Your copy should start at the line with "Zubehörkollektion aus Aluminium" and end at the line with "アクア・現行・MXPK系・アクア純正　純正ホイール&タイヤ　4本　の画像" in the data below. Transcribe only those lines, exactly, pictures excluded.

▶ Records for this task
━━━━━━━━━━━━━━━━━━━━━━━━━━━━━━

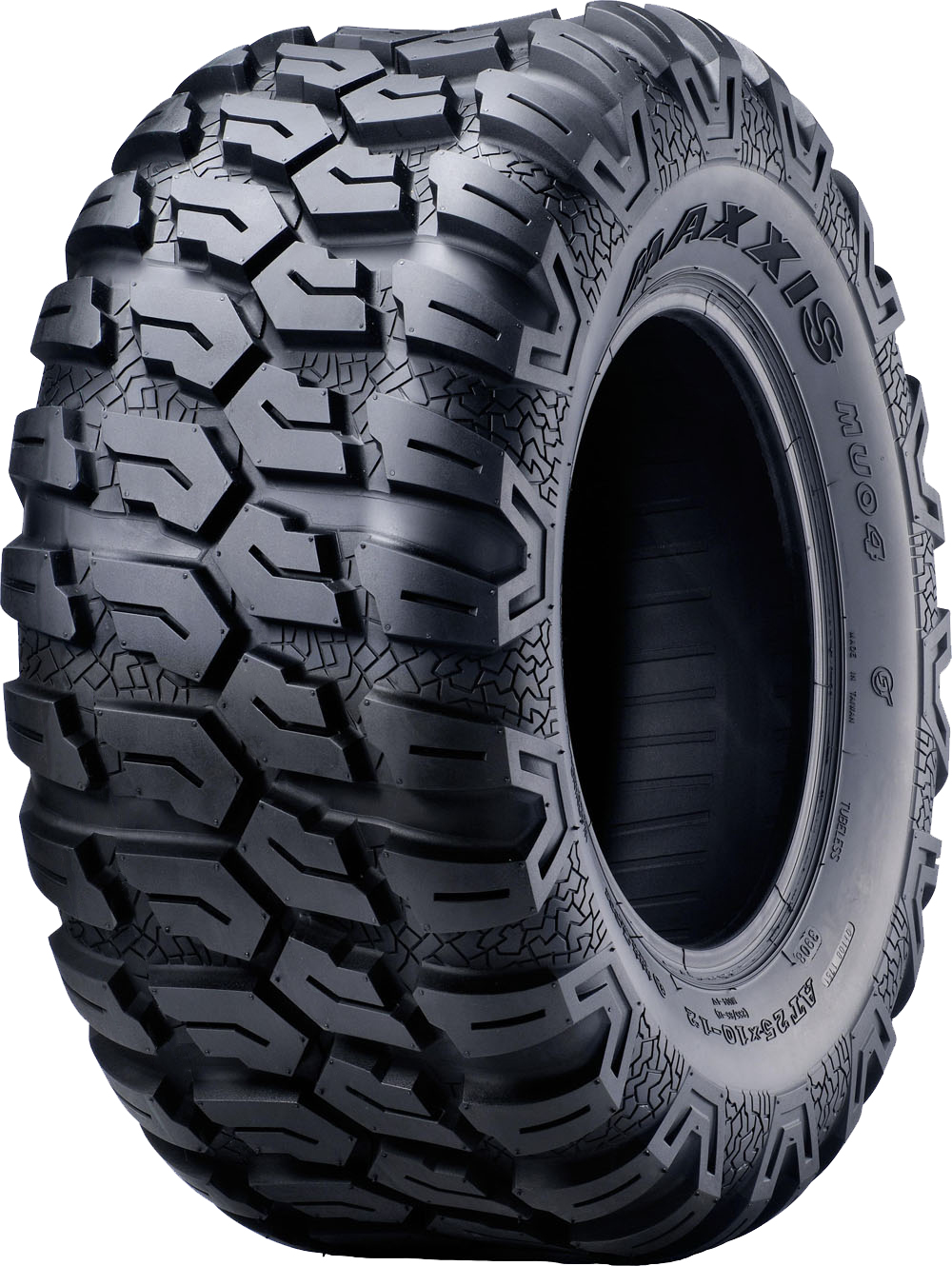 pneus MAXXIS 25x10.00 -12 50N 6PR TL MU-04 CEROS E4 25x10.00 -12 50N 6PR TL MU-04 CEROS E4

━━━━━━━━━━━━━━━━━━━━━━━━━━━━━━

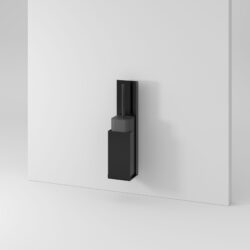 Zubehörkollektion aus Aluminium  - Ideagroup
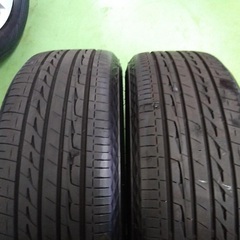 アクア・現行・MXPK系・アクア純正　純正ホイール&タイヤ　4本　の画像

━━━━━━━━━━━━━━━━━━━━━━━━━━━━━━

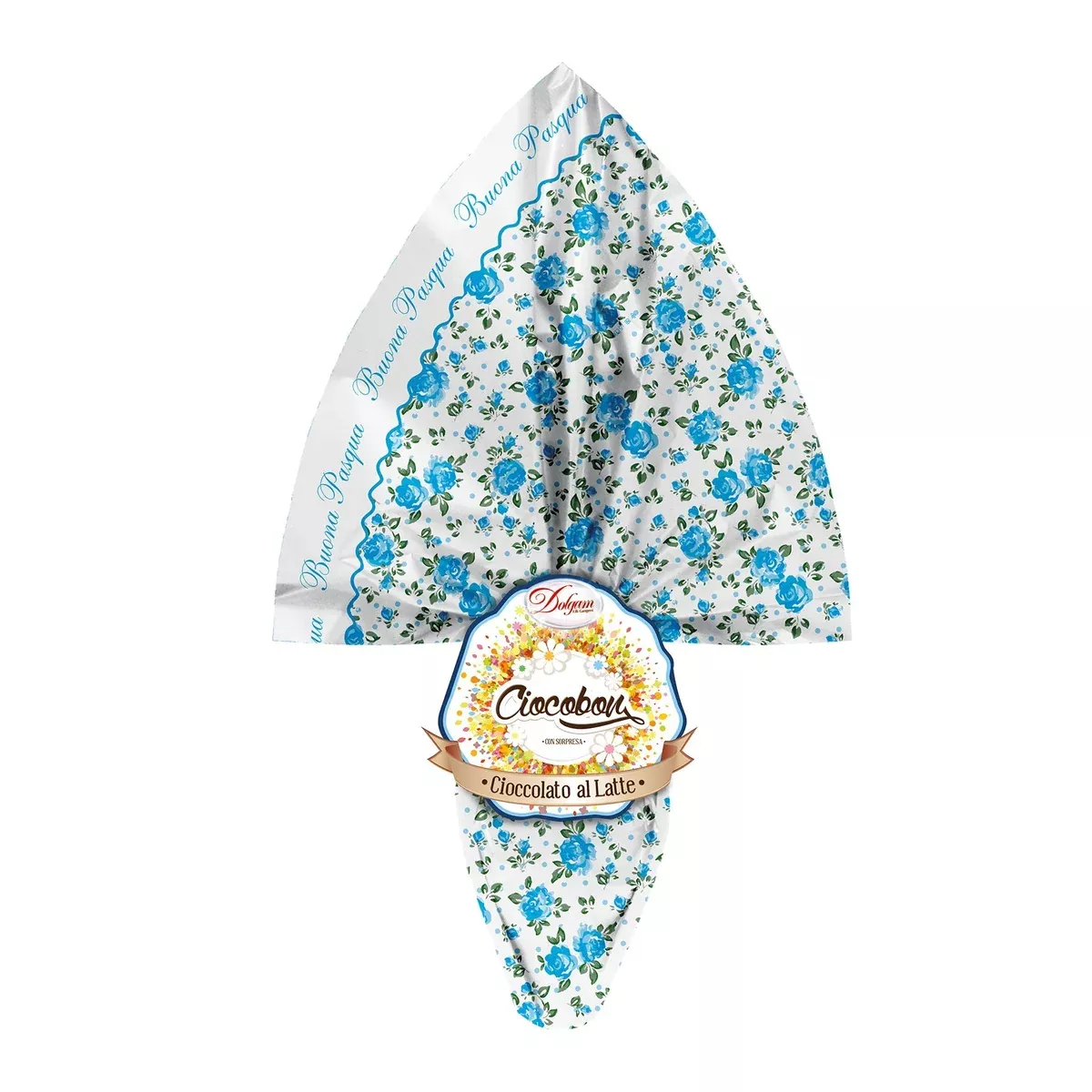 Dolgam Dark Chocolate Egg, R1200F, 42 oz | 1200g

━━━━━━━━━━━━━━━━━━━━━━━━━━━━━━

▶ Response to this exercise
 Zubehörkollektion aus Aluminium  - Ideagroup
 アクア・現行・MXPK系・アクア純正　純正ホイール&タイヤ　4本　の画像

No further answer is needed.